Bertomeu, who met with NBA commissioner David Stern in Berlin shortly before local team Alba pushed 2011 champions Dallas Mavericks to the limit in an 89-84 defeat on Saturday, acknowledged that looking up to the NBA and playing against the league’s top contenders has helped Europe to improve.
“These games are an opportunity to work with our NBA friends, share the experience and learn because they have already done many things that we want to do in our evolution as a professional league,” he said.
“We have different models, a different culture and of course different resources but we share the same vision about the importance of improving the game.”

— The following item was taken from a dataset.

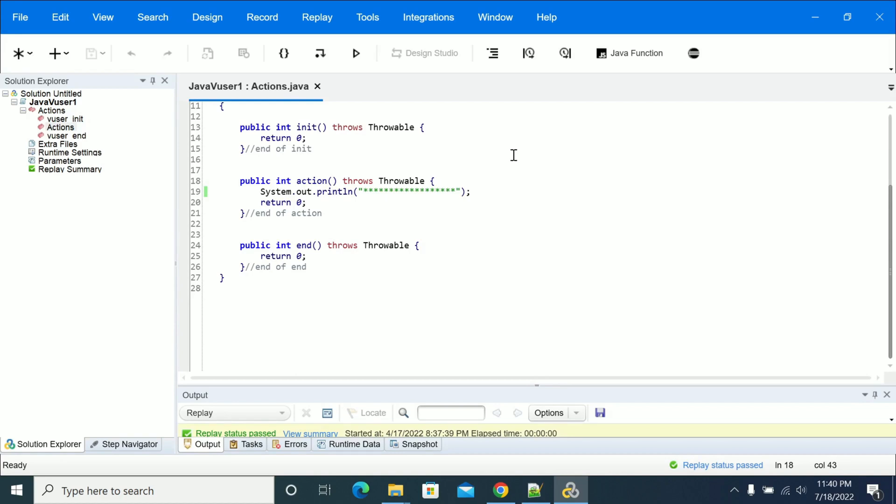Hi everyone, in this video we will see how to integrate Eclipse with your LoadRunner version. First, I have created a simple Java VUser script to demonstrate integrating Eclipse with your LoadRunner version for script development.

The teams are divided into four groups of six in the preliminary stage and the top four from each section will advance into the last 16, where they will be divided into two groups of eight instead of four groups of four.
The top four teams from each of those groups, operating on a round-robin home and away system like the preliminary stage, will progress into the quarter-finals, whose winners will qualify for the Final Four in London’s O2 Arena from May 10-12.